Exercise ▸ What you return should be only the lines starting at the one that contains "Lesly Acevedo Photo 17" and running to the end of the listing, exactly as written, minus any pictures.

Given data ▸

--- START ---

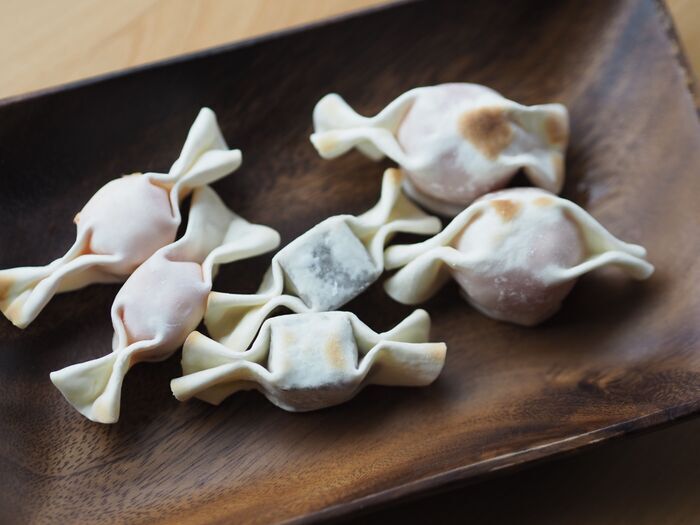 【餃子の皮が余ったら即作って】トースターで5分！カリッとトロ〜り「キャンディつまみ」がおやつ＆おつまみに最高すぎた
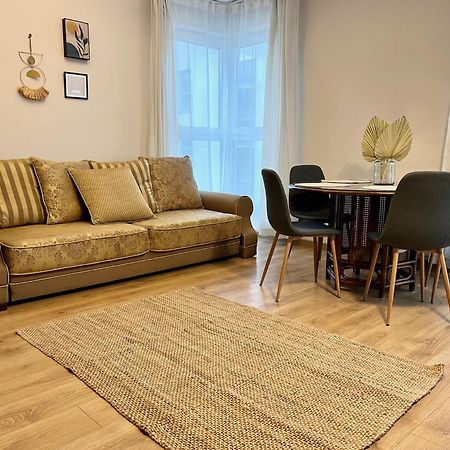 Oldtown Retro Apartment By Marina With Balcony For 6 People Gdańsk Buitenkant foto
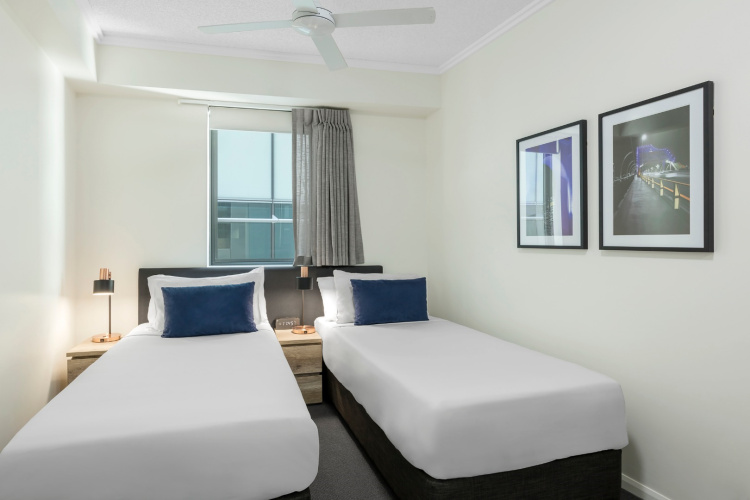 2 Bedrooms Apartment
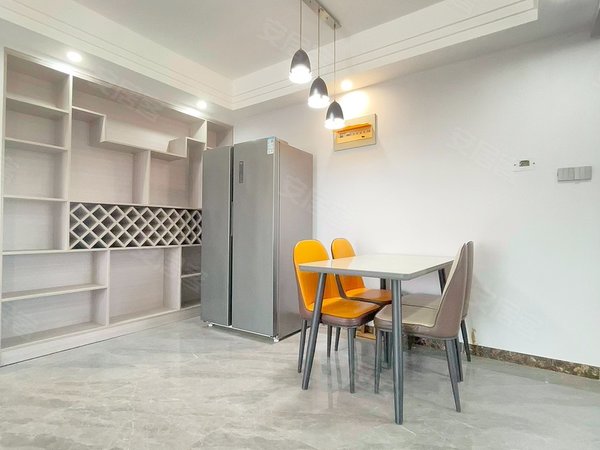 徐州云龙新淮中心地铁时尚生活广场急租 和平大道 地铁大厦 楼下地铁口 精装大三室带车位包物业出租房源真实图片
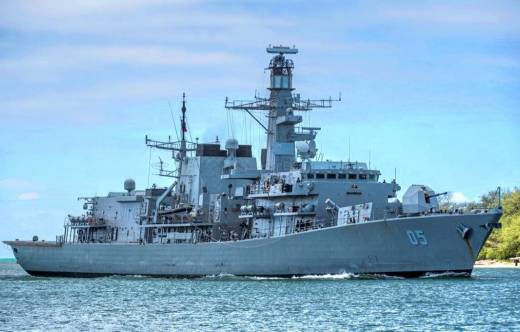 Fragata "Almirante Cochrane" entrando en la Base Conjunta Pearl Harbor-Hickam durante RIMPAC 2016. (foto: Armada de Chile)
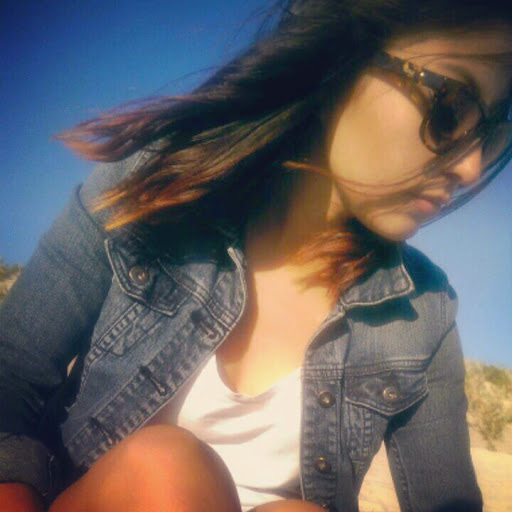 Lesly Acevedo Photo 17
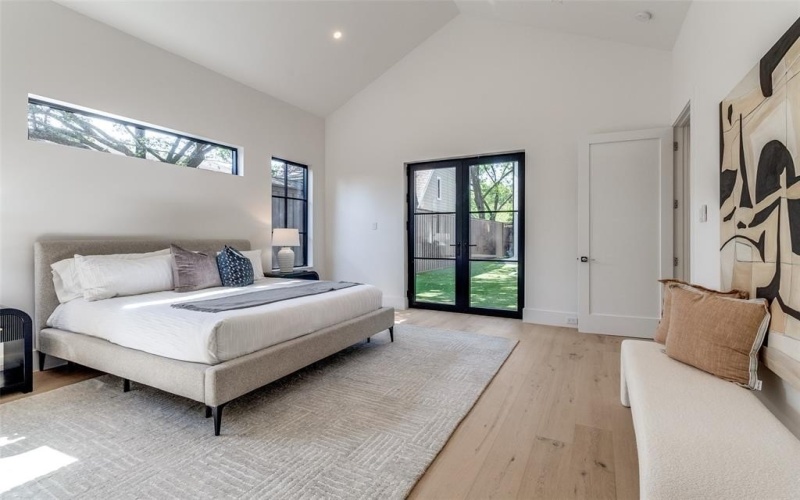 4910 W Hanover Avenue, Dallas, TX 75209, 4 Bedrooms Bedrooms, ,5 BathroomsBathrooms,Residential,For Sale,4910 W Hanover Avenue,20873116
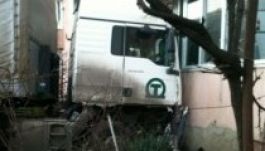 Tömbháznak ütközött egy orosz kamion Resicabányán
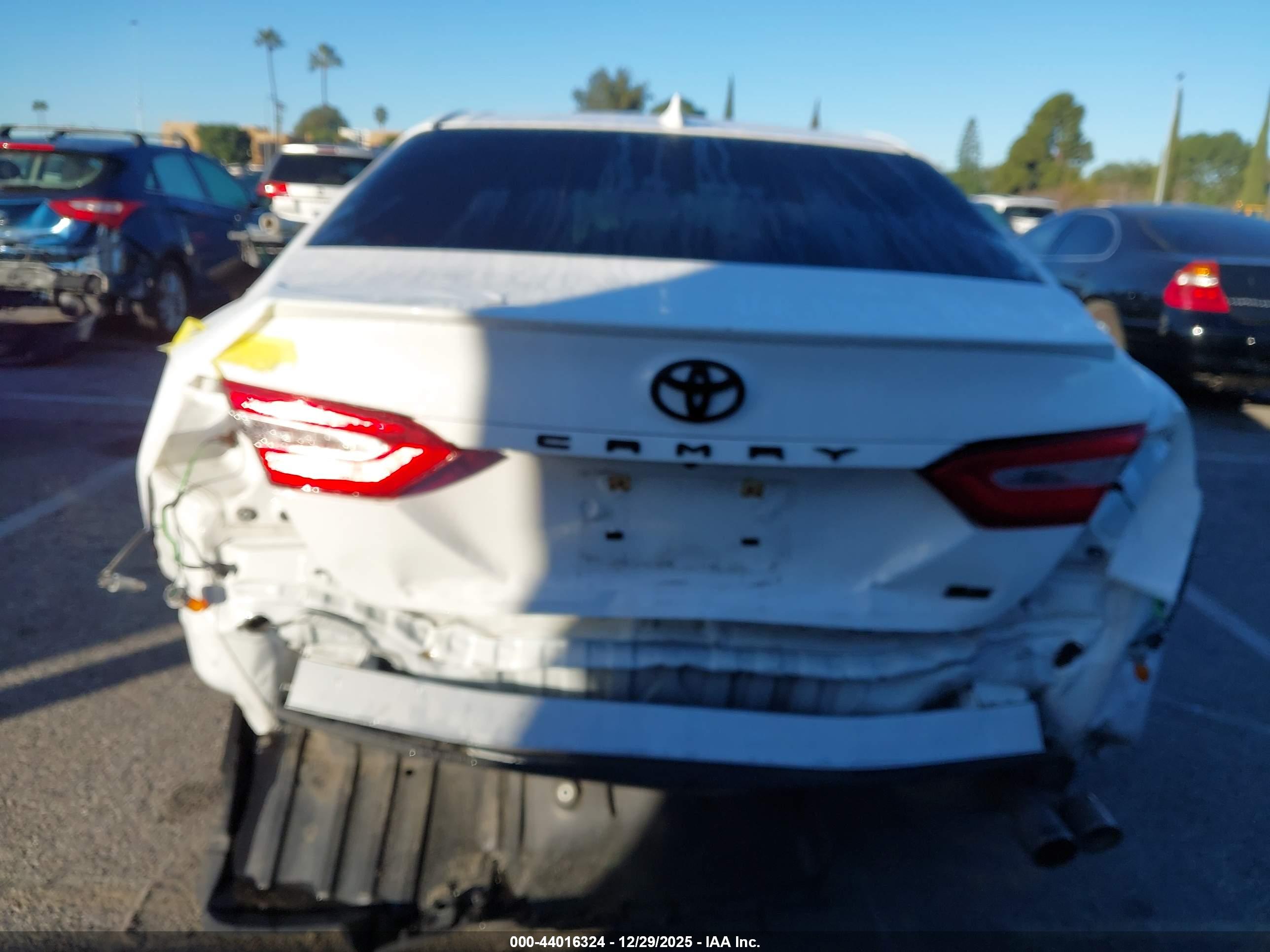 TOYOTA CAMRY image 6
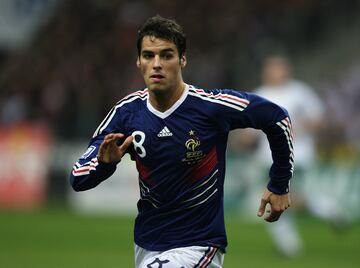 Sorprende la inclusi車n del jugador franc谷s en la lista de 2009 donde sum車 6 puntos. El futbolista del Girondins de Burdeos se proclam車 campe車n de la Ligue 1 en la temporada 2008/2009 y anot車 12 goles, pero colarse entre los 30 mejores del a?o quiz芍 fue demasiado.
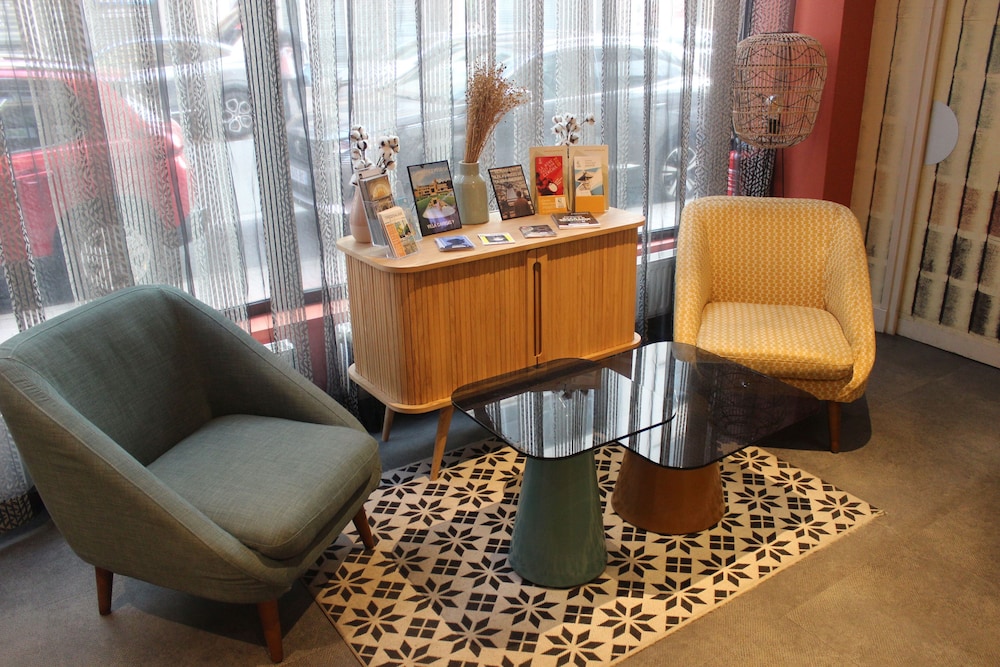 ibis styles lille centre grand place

--- END ---

Solution to this task ▸
 Lesly Acevedo Photo 17
 4910 W Hanover Avenue, Dallas, TX 75209, 4 Bedrooms Bedrooms, ,5 BathroomsBathrooms,Residential,For Sale,4910 W Hanover Avenue,20873116
 Tömbháznak ütközött egy orosz kamion Resicabányán
 TOYOTA CAMRY image 6
 Sorprende la inclusi車n del jugador franc谷s en la lista de 2009 donde sum車 6 puntos. El futbolista del Girondins de Burdeos se proclam車 campe車n de la Ligue 1 en la temporada 2008/2009 y anot車 12 goles, pero colarse entre los 30 mejores del a?o quiz芍 fue demasiado.
 ibis styles lille centre grand place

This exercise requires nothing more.